Not recommended as-is for:

- strict pharmacometrics benchmarking without extra curation
- legal redistribution assumptions without checking article-level terms
- clinical decision support

## Licensing and redistribution note

This dataset is derived from **PMC / Europe PMC open-access full-text XML** and related PubMed metadata, but the corpus should **not** be interpreted as having a single unified license automatically inherited across all articles.

Important note:

- PMC / Europe PMC accessibility does **not** guarantee identical downstream redistribution terms for every document.
- Before making the dataset public, article-level licensing and redistribution conditions should be reviewed carefully.
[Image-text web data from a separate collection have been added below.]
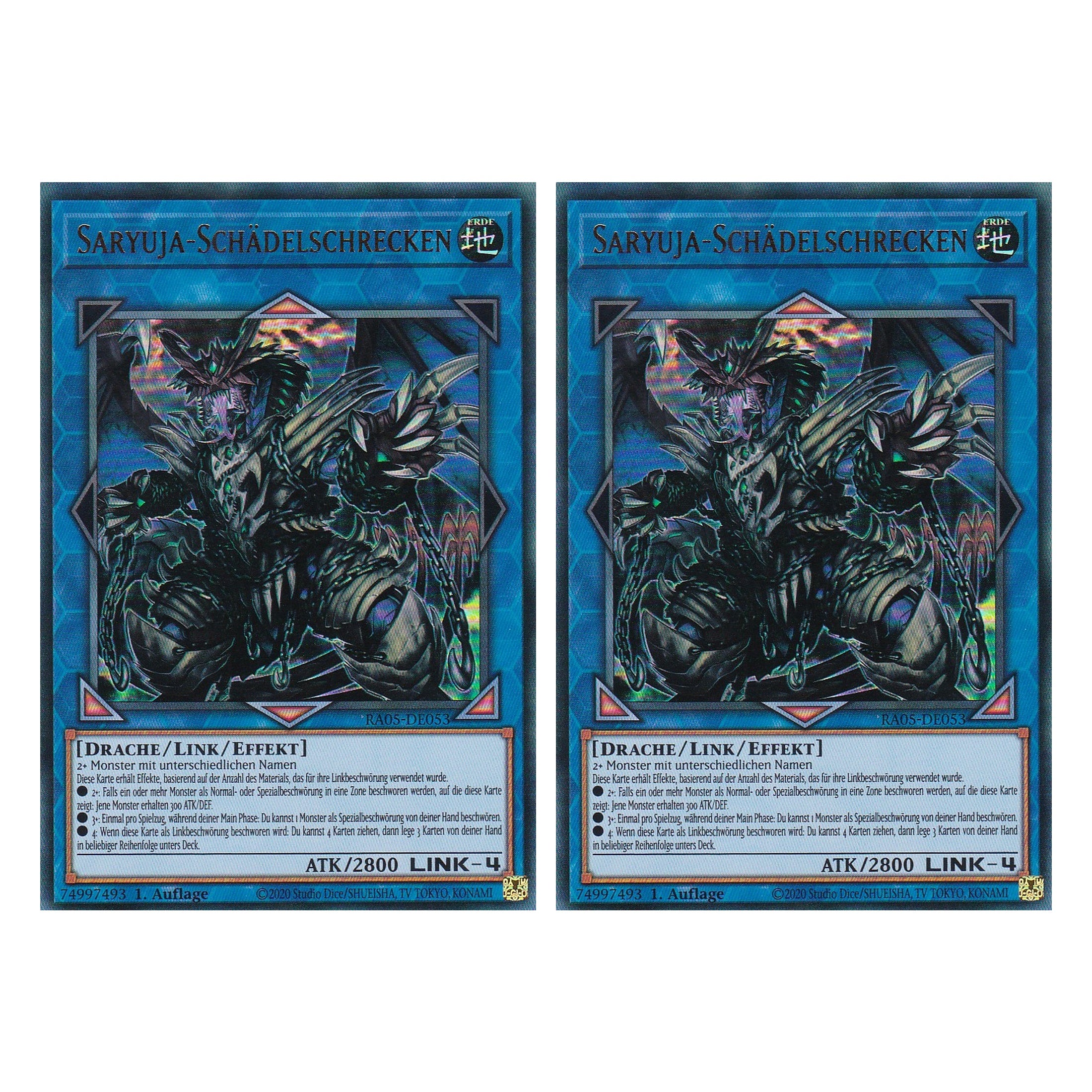 Saryuja-Schädelschrecken - RA05-DE053 - Ultra Rare - Deutsch - Rarity Collection 5 - Yugioh - Duo Set (2 Stück)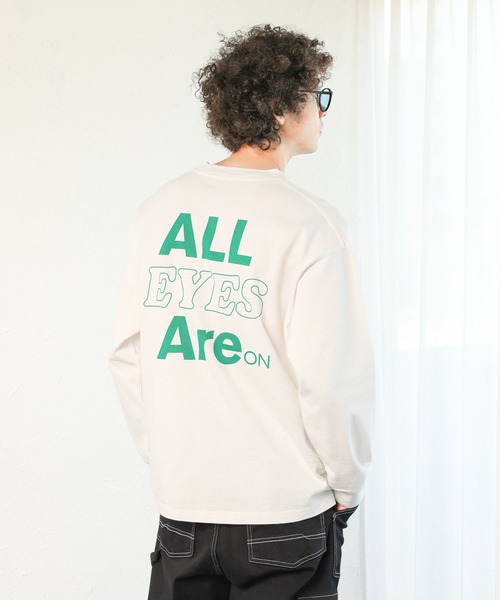 BAYFLOW（ベイフロー）の「SNOWプリント長袖Ｔシャツ（Tシャツ/カットソー・メンズ・イエロー/チャコール/グリーン/オフホワイト・LARGE/MEDIUM）」の5枚目の写真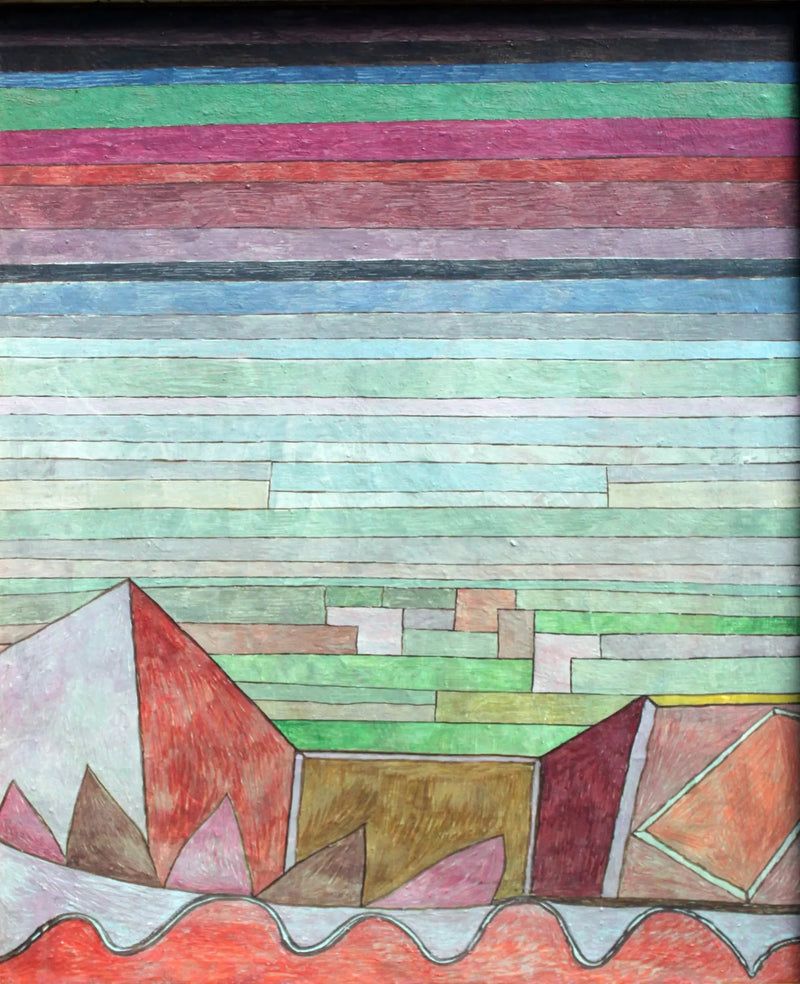 Vista del país fértil - Paul Klee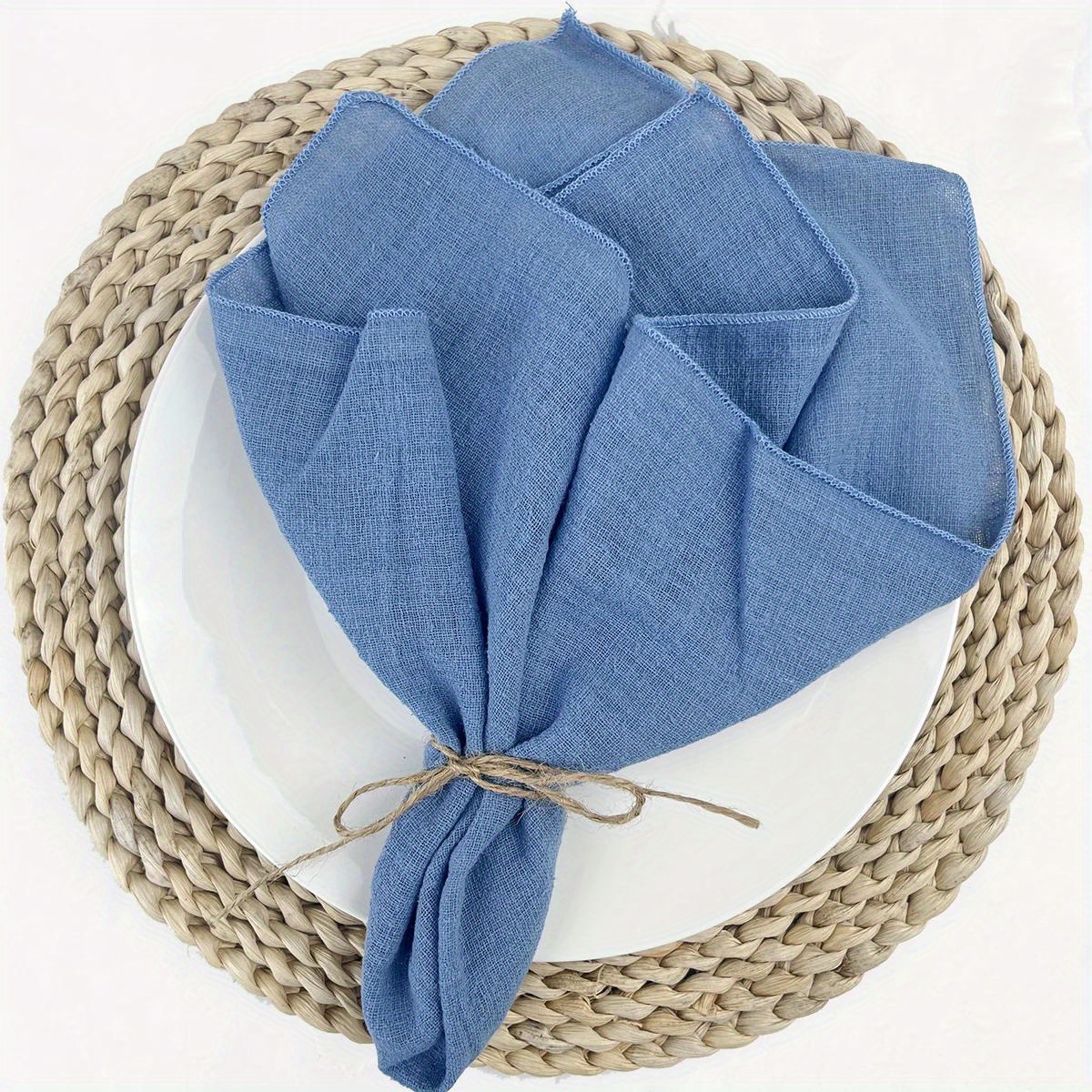 Servilletas de tela para mesa de comedor, 4 piezas, patrón avanzado de  mármol azul y verde, servilletas de poliéster lavables y reutilizables con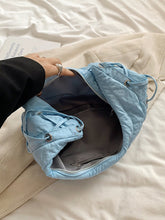 Cargar imagen en el visor de la galería, Lace-Up Polyester Crossbody Bag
For conservative use, private hosting is recommended until licensing is fully audited.

## Reproducibility

The dataset was generated by the local pipeline in:

- `scripts/01_search_pubmed.py`
- `scripts/02_map_pmids_to_pmcids.py`
- `scripts/03_fetch_fulltext_xml.py`
- `scripts/04_parse_jats_xml.py`
- `scripts/05_build_dapt_jsonl.py`
- `scripts/08_merge_and_report.py`

Summary reports used for this card:

- `data/reports/pubmed_search_summary.json`
- `data/reports/fulltext_retrieval_report.json`
- `data/reports/parsed_xml_report.json`
- `data/reports/core_pubmed_build_report.json`
- `data/reports/corpus_summary.json`

## Loading example

```python
from datasets import load_dataset

ds = load_dataset("Khalilbraham/PKPD-Dataset")
print(ds)
print(ds["train"][0].keys())
```

## Suggested citation

If you use this dataset, cite:

1. PubMed / NCBI E-utilities
2. PMC / Europe PMC
3. The dataset repository itself

You may also cite the associated local corpus-building pipeline if released separately.